*Exercise*
Omit the pictures and return exactly the stretch of the material below from the line with "Body Halter Espalda Abierta" through the line with "Expandable Bathtub Caddy".

*Record set*
════════
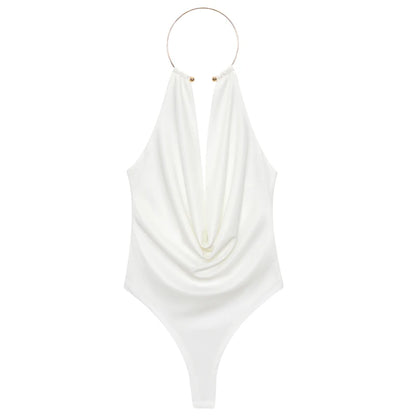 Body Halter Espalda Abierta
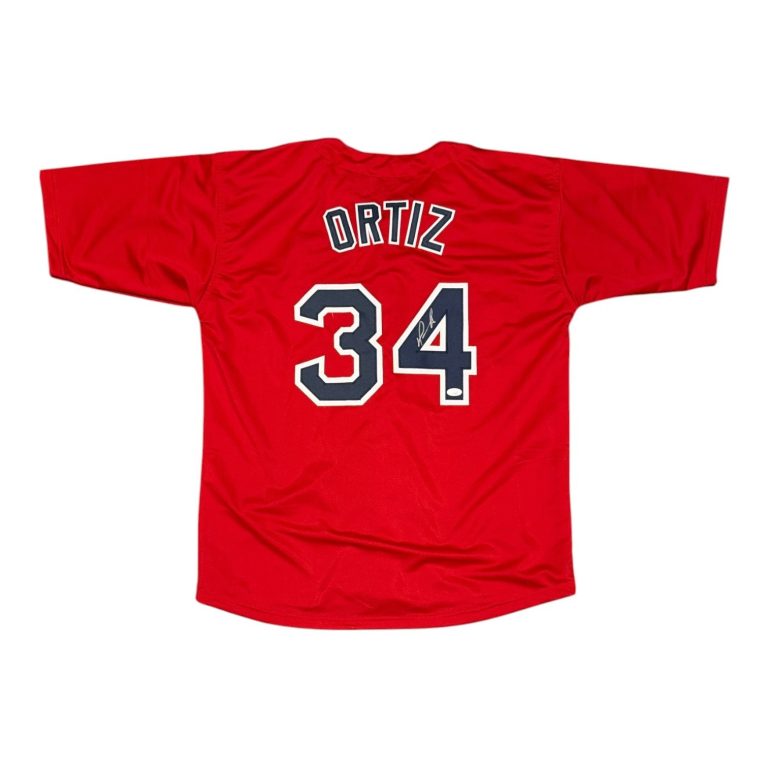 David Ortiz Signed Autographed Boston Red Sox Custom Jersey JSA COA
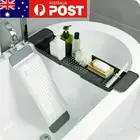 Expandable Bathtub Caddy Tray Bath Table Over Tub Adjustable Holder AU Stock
════════
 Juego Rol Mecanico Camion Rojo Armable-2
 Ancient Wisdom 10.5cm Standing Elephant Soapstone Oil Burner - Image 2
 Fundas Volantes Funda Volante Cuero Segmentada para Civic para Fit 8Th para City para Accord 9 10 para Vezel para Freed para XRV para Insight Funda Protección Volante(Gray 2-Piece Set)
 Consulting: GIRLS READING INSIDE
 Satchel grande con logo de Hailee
════════
*Reply*
 Body Halter Espalda Abierta
 David Ortiz Signed Autographed Boston Red Sox Custom Jersey JSA COA
 Expandable Bathtub Caddy Tray Bath Table Over Tub Adjustable Holder AU Stock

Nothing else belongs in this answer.